The Israeli prime minister has contradicted himself on 1967 borders in just the latest example of how the UN vote on Palestinian statehood has changed the rules of Middle East peace.
UN vote piles more pressure on Netanyahu
Washington's political theatre in May featured high-stakes betrayal. In his keynote Middle East speech, President Barack Obama called for peace talks between Israelis and Arabs based on modified 1967 borders. A few days later, on the floor of the American Congress, Israel's Prime Minister Benjamin Netanyahu tried to deal those borders a death blow, saying they would be indefensible.
Nearly two months later, Mr Netanyahu has changed his tune. In recent days, the Israeli administration has made noises about renewing negotiations with the Palestinian Authority premised on the 1967 borders.
Anyone who puts much faith in that overture has not been paying attention. Mr Netanyahu has told his constituents that he will never agree to 1967 borders, promising to undermine any deal that is made. The intransigence of Israeli negotiators last year - despite unwise concessions offered by the Palestinian Authority - indicated not only a refusal to make concessions, but a deliberate agenda to drive peace talks into the ground.
What is significant is not what the Israelis are trying to achieve with negotiations, but what they are trying to prevent.

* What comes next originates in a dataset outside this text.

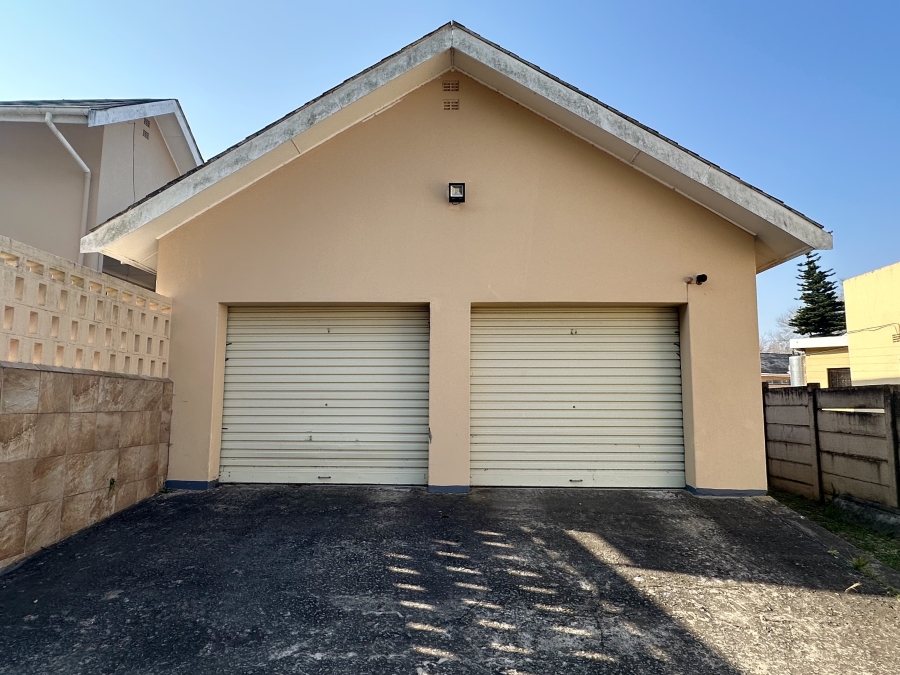 4 Bedroom Property for Sale in Fort Gale Eastern Cape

The precondition for new talks would be for the Palestinian Authority to abandon its bid for recognition of a Palestinian state and UN membership in September. A vote before the UN General Assembly - and international public opinion - is sure to favour Palestinians, who play to their own strengths through non-violent resistance.
Mr Netanyahu has scored points with Israelis by taking a hard line, but this is not in his country's interest. His administration is now under pressure because of protests about the rising cost of living. It is easy to connect the dots between Israel's occupation policy, every settlement built and every injustice that further isolates it, and the country's economic problems.
Israel's latest prod, thinly disguised as an olive branch, might buy it diplomatic cover in the halls of Washington. But May's spectacle showed that audience is already dominated by unthinking fans of Israel's policy.
There is no reason that UN recognition, along the outlines of 1967 borders, precludes negotiations in the future - in fact, they go hand-in-hand. Non-violent resistance and rallying the international community give Palestinians strength they did not have in Washington or in armed conflict. Perhaps Israel has begun to recognise this too.